--- Records provided Enclosed Below ---

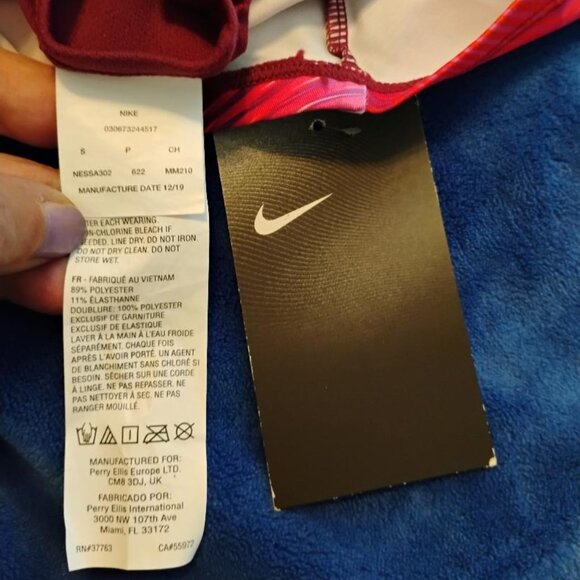 Nike Swim Tankini Top NWT Color Villain Red - Picture 5 of 5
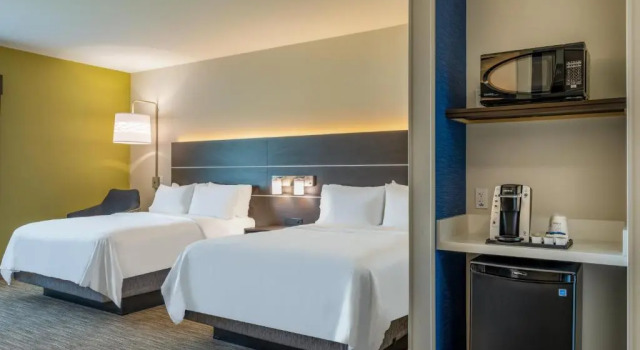 Номер Standard Holiday Inn Express & Suites - Watertown by IHG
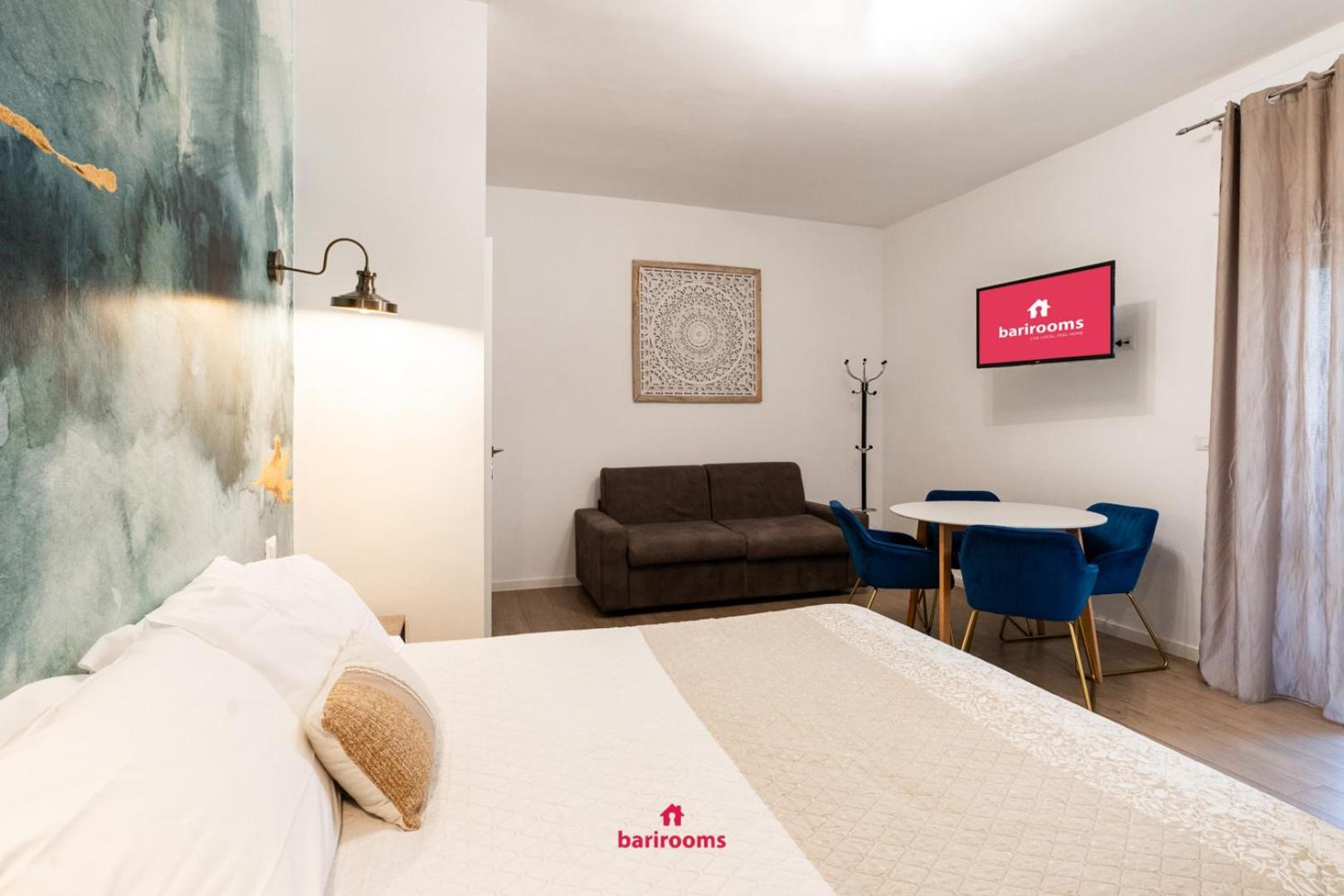 Guest house Barirooms - Melo *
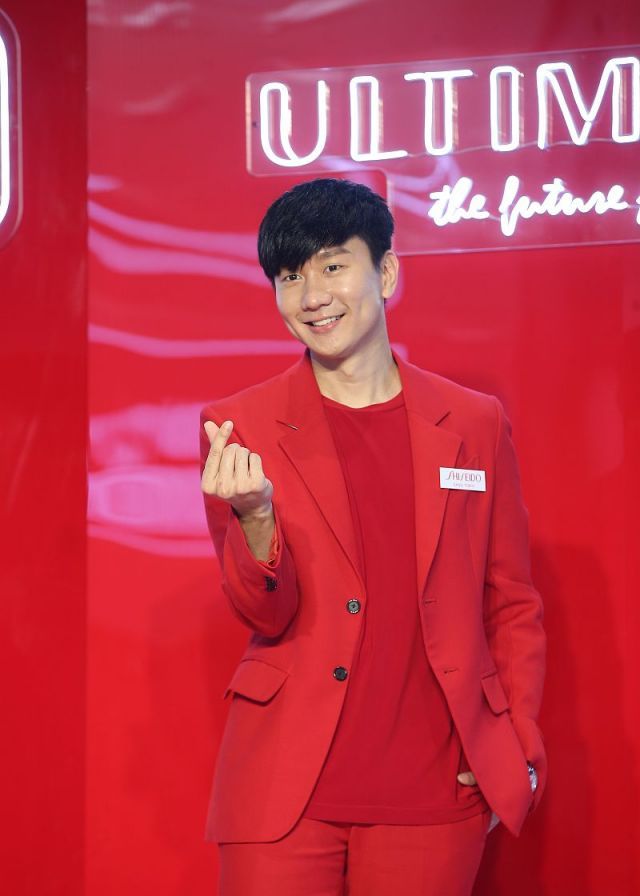 林俊杰一身红装亮相,现场与粉丝"比心",开口预言金钟奖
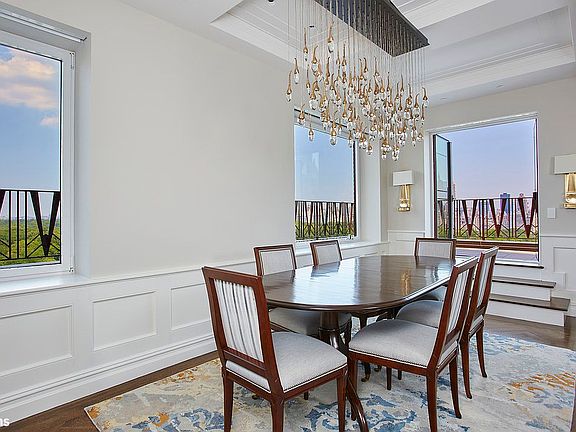 5th image of 25 Central Park W APT 19Q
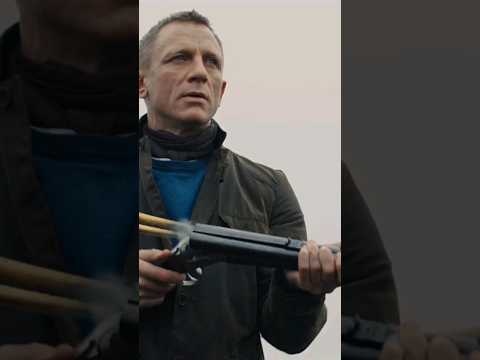 Daniel Craig uses a Anderson Wheeler 500 NE Double Rifle. Albert Finney. Skyfall (2012). Sam Mendes📽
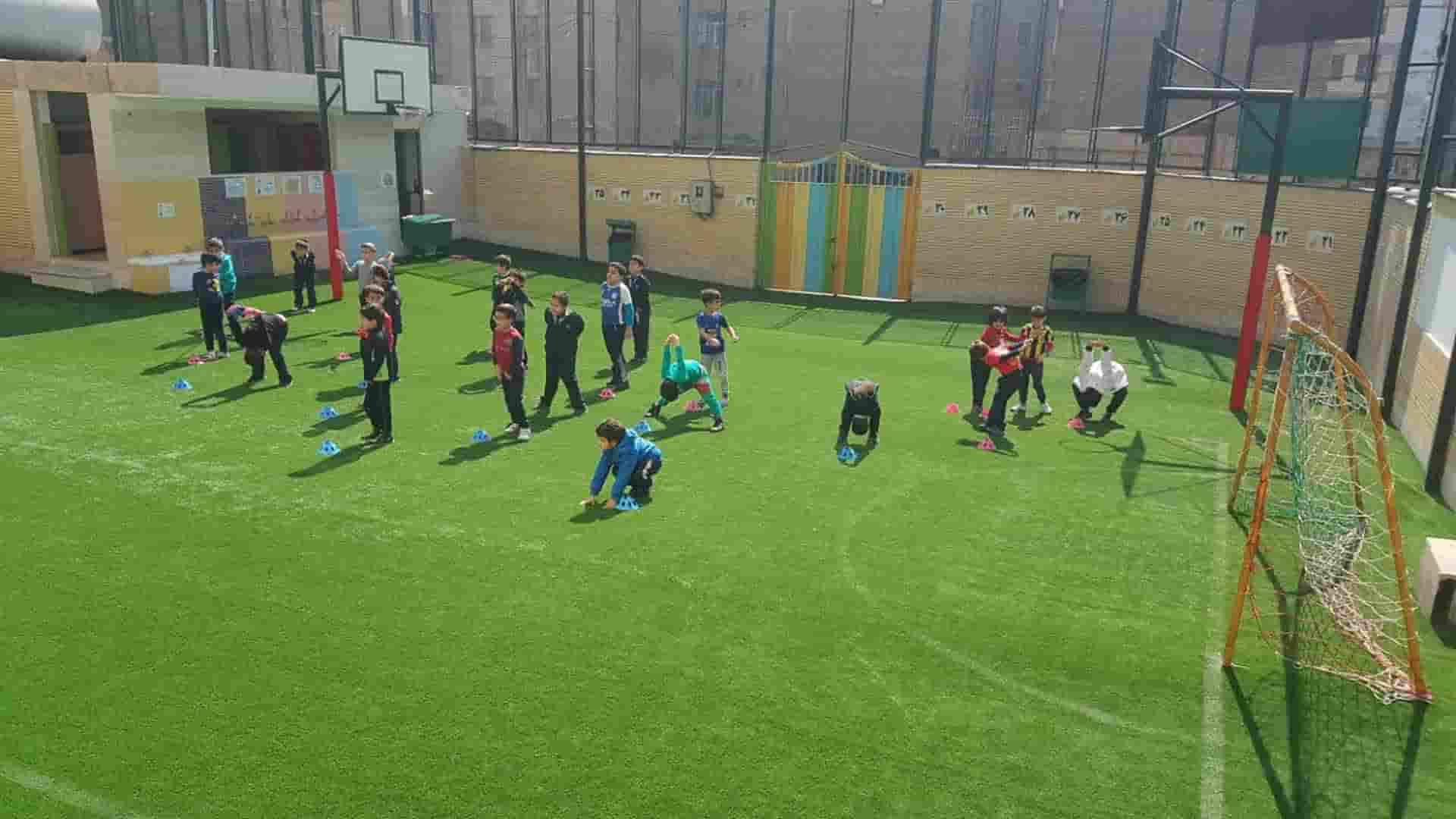 تصویر 2 از چمن مصنوعی برای مدرسه و فضا های آموزشی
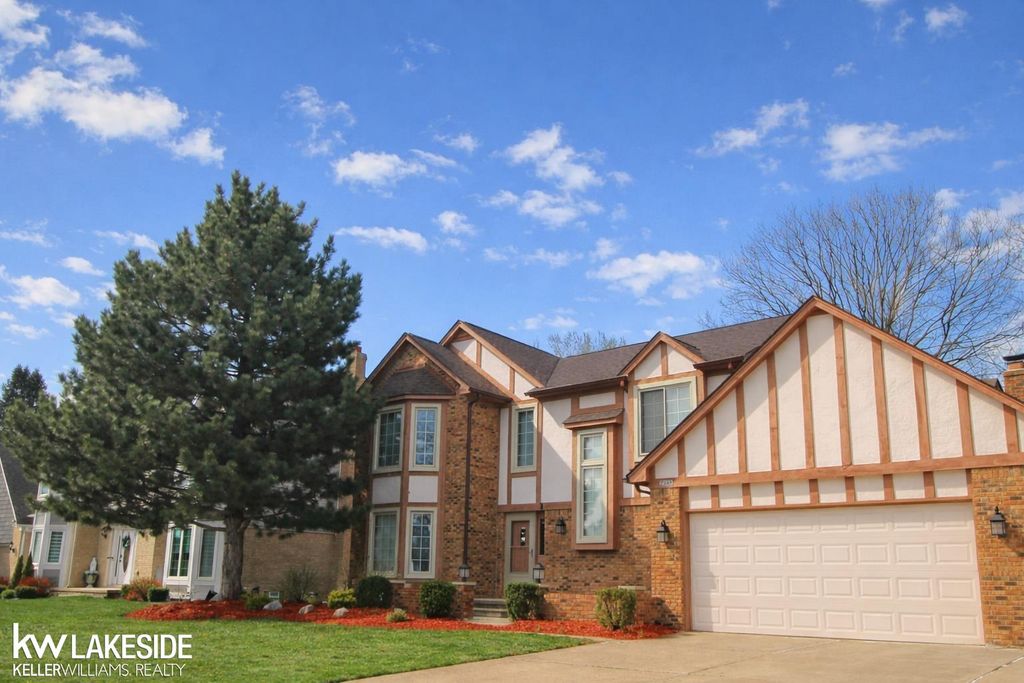 Photo of 2349 Hidden Trail Drive, Sterling Heights City, MI 48314 (MLS # 58050205021)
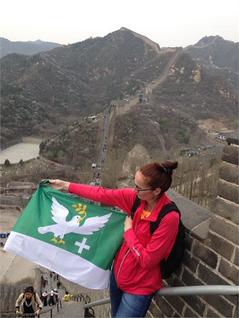 Obecní vlajka Hořiček a Velká čínská zeď připomínají Davida a Goliáše. Čínská lidová republika, světadíl Asie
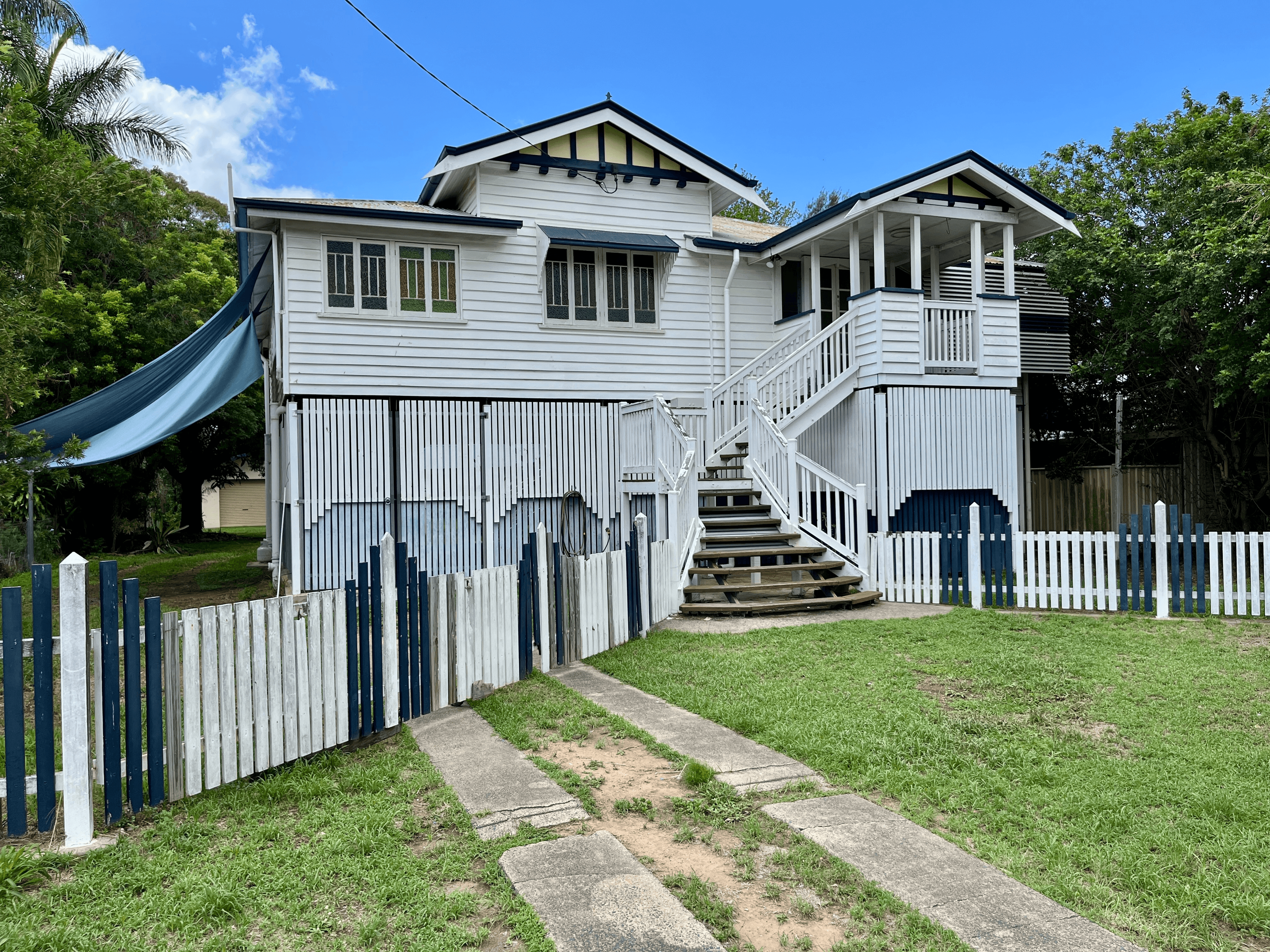 6 Bourke Street, Park Avenue, QLD 4701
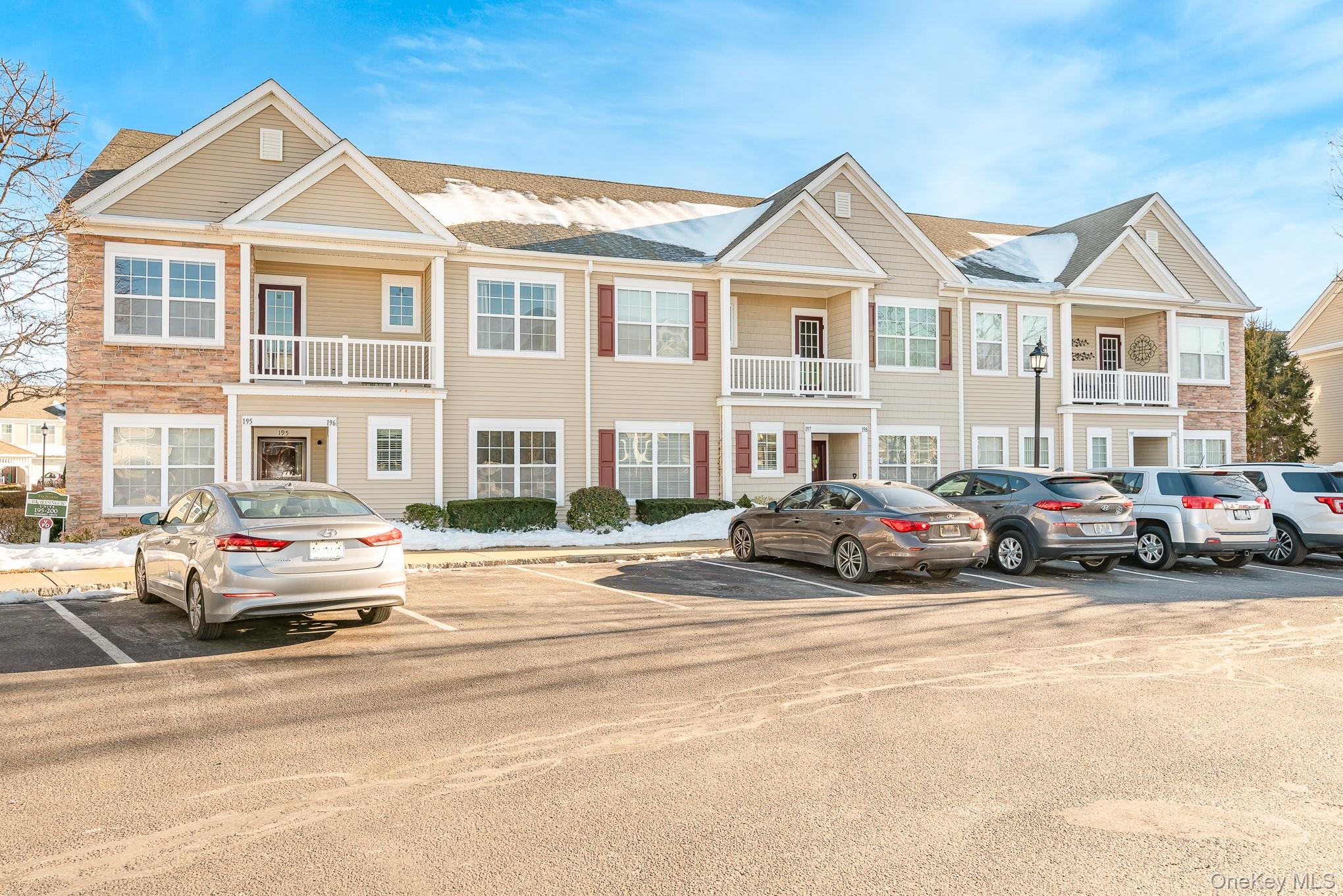 196 Somerset Drive, Massapequa, NY 11758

--- End of Enclosed Records provided ---

Task to complete >> Only the pictures stay behind; copy everything else in the records above exactly.

Final answer >>
 Nike Swim Tankini Top NWT Color Villain Red - Picture 5 of 5
 Номер Standard Holiday Inn Express & Suites - Watertown by IHG
 Guest house Barirooms - Melo *
 林俊杰一身红装亮相,现场与粉丝"比心",开口预言金钟奖
 5th image of 25 Central Park W APT 19Q
 Daniel Craig uses a Anderson Wheeler 500 NE Double Rifle. Albert Finney. Skyfall (2012). Sam Mendes📽
 تصویر 2 از چمن مصنوعی برای مدرسه و فضا های آموزشی
 Photo of 2349 Hidden Trail Drive, Sterling Heights City, MI 48314 (MLS # 58050205021)
 Obecní vlajka Hořiček a Velká čínská zeď připomínají Davida a Goliáše. Čínská lidová republika, světadíl Asie
 6 Bourke Street, Park Avenue, QLD 4701
 196 Somerset Drive, Massapequa, NY 11758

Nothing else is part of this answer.